» **Action item**
Leave every picture out, and print the full listing again exactly.

» **Records for this exercise**
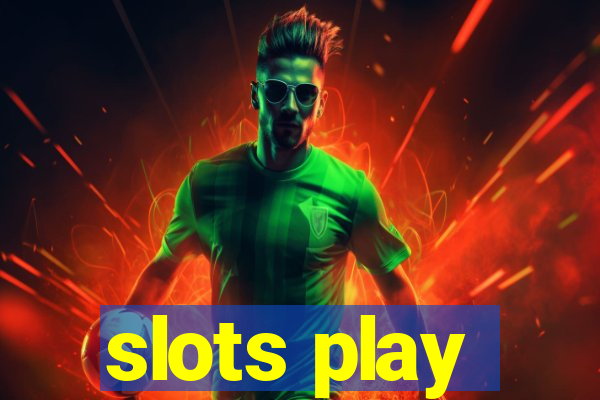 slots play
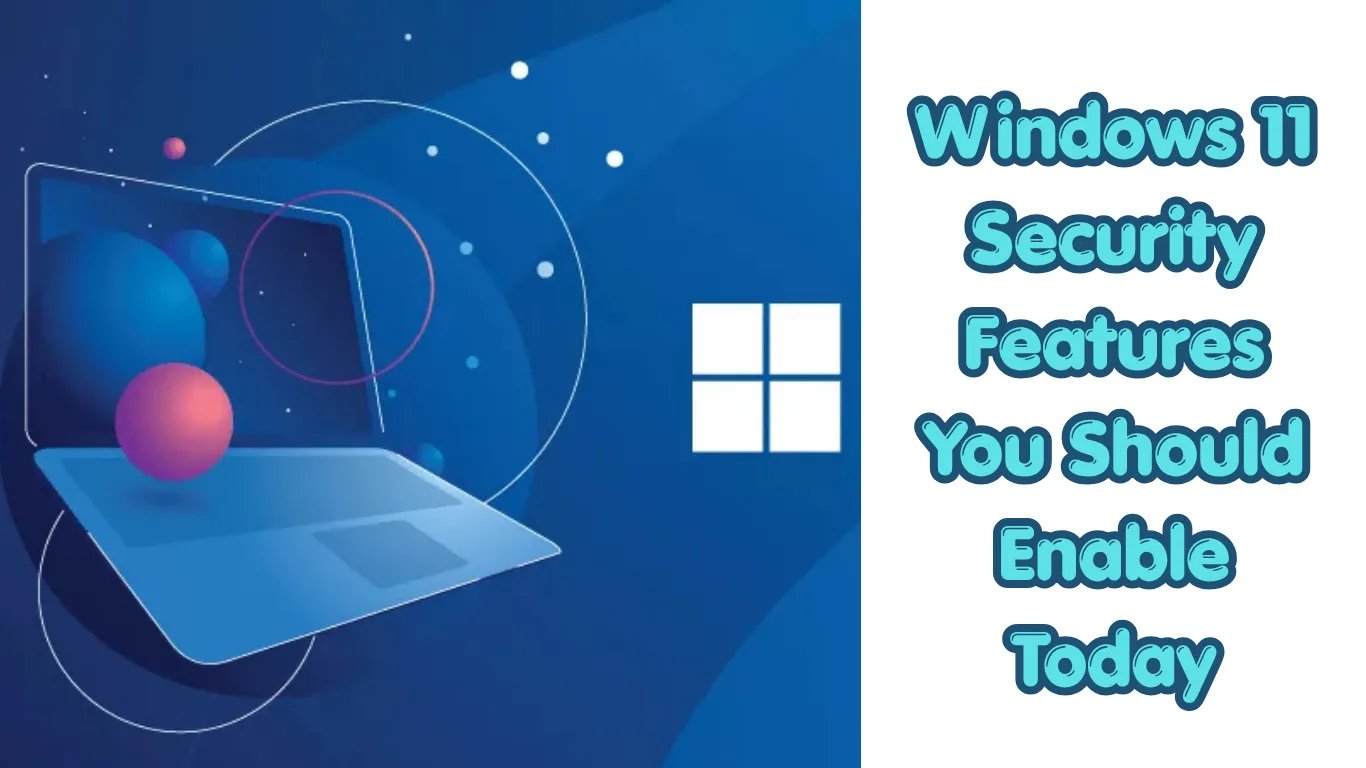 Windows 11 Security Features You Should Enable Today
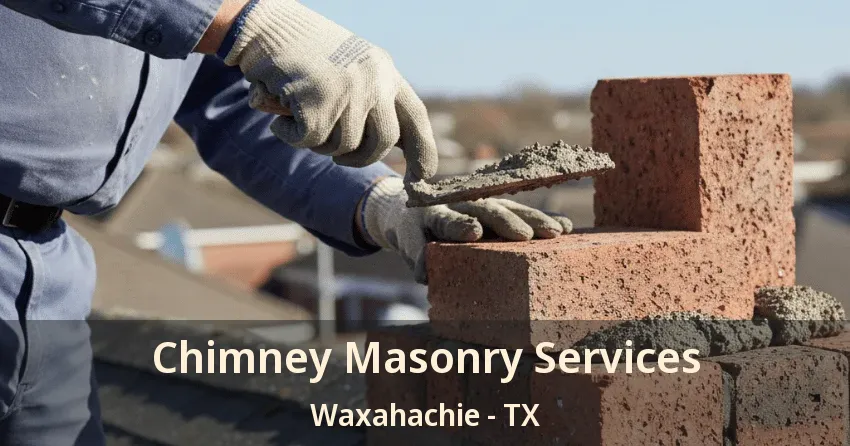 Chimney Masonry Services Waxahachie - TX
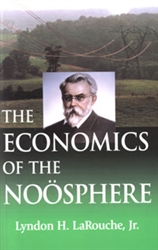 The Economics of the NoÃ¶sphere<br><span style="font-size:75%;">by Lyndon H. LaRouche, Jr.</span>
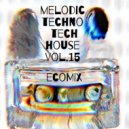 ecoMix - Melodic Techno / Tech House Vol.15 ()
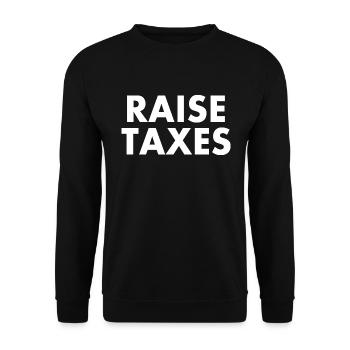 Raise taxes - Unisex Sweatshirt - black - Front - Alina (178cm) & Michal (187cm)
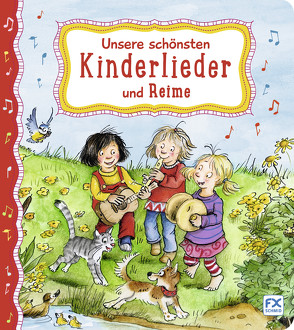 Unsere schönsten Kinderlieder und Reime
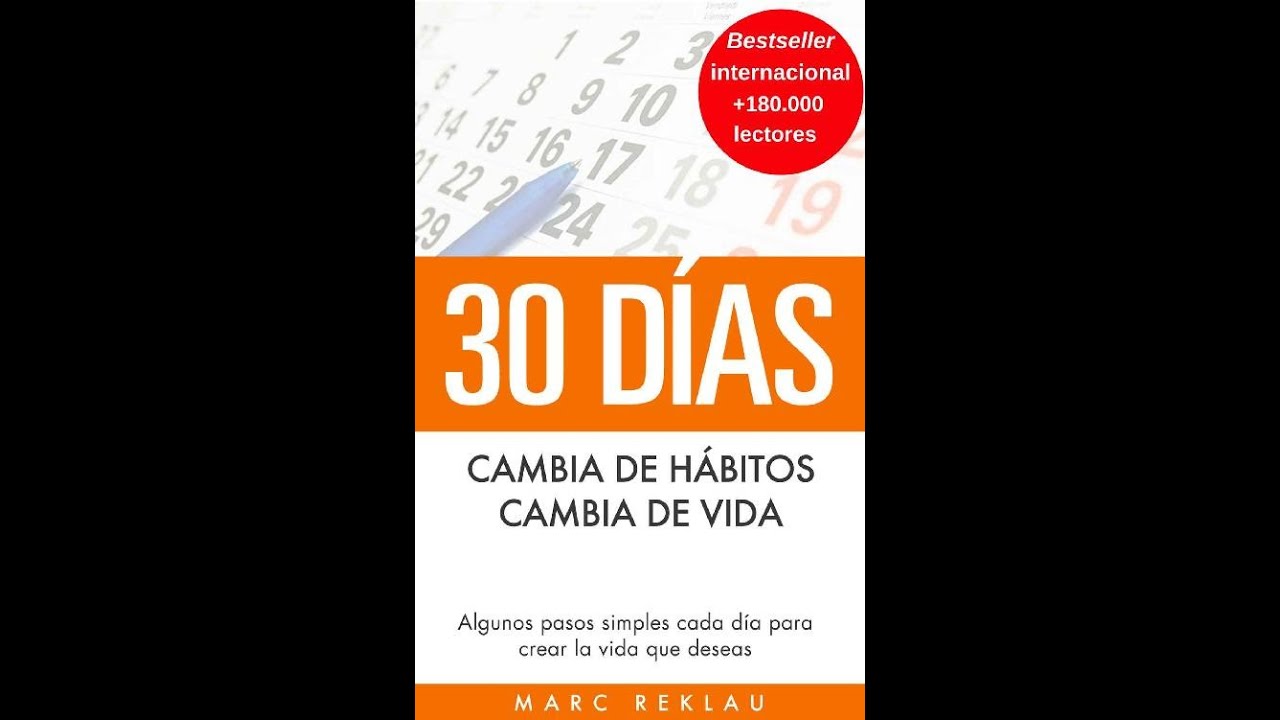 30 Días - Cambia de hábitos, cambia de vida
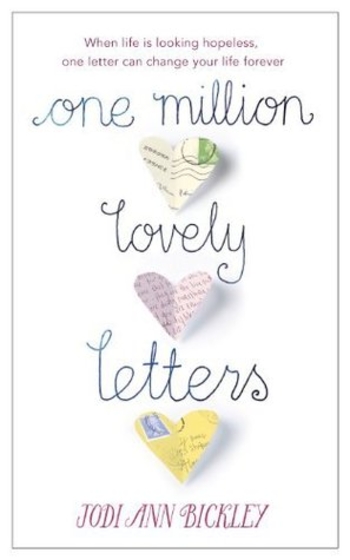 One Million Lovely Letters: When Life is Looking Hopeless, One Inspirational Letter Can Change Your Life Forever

» **Reply**
 slots play
 Windows 11 Security Features You Should Enable Today
 Chimney Masonry Services Waxahachie - TX
 The Economics of the NoÃ¶sphere<br><span style="font-size:75%;">by Lyndon H. LaRouche, Jr.</span>
 ecoMix - Melodic Techno / Tech House Vol.15 ()
 Raise taxes - Unisex Sweatshirt - black - Front - Alina (178cm) & Michal (187cm)
 Unsere schönsten Kinderlieder und Reime
 30 Días - Cambia de hábitos, cambia de vida
 One Million Lovely Letters: When Life is Looking Hopeless, One Inspirational Letter Can Change Your Life Forever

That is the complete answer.